Why This Deal is Important for Jupiter
Founded by Jitendra Gupta, Jupiter has quickly made a name for itself in India’s fintech space. The company offers a range of digital banking services, including UPI payments, mutual funds, customised savings accounts, and debit cards. Recently, Jupiter obtained an RBI licence to operate as a prepaid payments instrument (PPI), allowing it to offer digital wallets for bill payments, money transfers, and more.
A stake in SBM Bank would significantly strengthen Jupiter’s position in the industry. By partnering with a traditional banking institution, Jupiter could provide more comprehensive financial services, enabling it to compete with both fintech rivals and established banks. This could be a game-changer in terms of expanding its customer base, especially in a market where non banks have yet to gain the widespread popularity seen in countries like Brazil.
Jupiter’s Financial Performance
Despite its growing reputation, Jupiter is facing financial challenges. In the fiscal year 2022-23, the company reported revenues of ₹55.98 crore, with operating income increasing more than 2.5 times to ₹48.86 crore. However, losses also surged to ₹327 crore during the same period. These financial setbacks haven’t deterred investors, as Jupiter successfully raised $165 million in funding in 2023, pushing its valuation to $654 million.
A Growing Trend in Fintech-Bank Collaborations
Jupiter’s move mirrors a broader trend in the fintech sector, where companies are increasingly collaborating with traditional banks to diversify their offerings.

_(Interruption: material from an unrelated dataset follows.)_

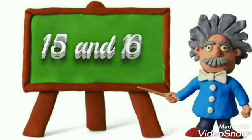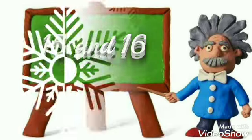Today, we will learn two more numbers which are 15 and 16. So, let's start!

Last year, Slice, another fintech startup, received RBI approval to merge with North East Small Finance Bank, enabling it to serve a broader customer base. Similarly, major venture capital firms such as Lightspeed and Accel have invested in small finance banks, indicating a growing interest in fintech-bank partnerships.
As the lines between fintech and traditional banking continue to blur, collaborations like the one between Jupiter and SBM Bank could redefine how consumers access financial services in India.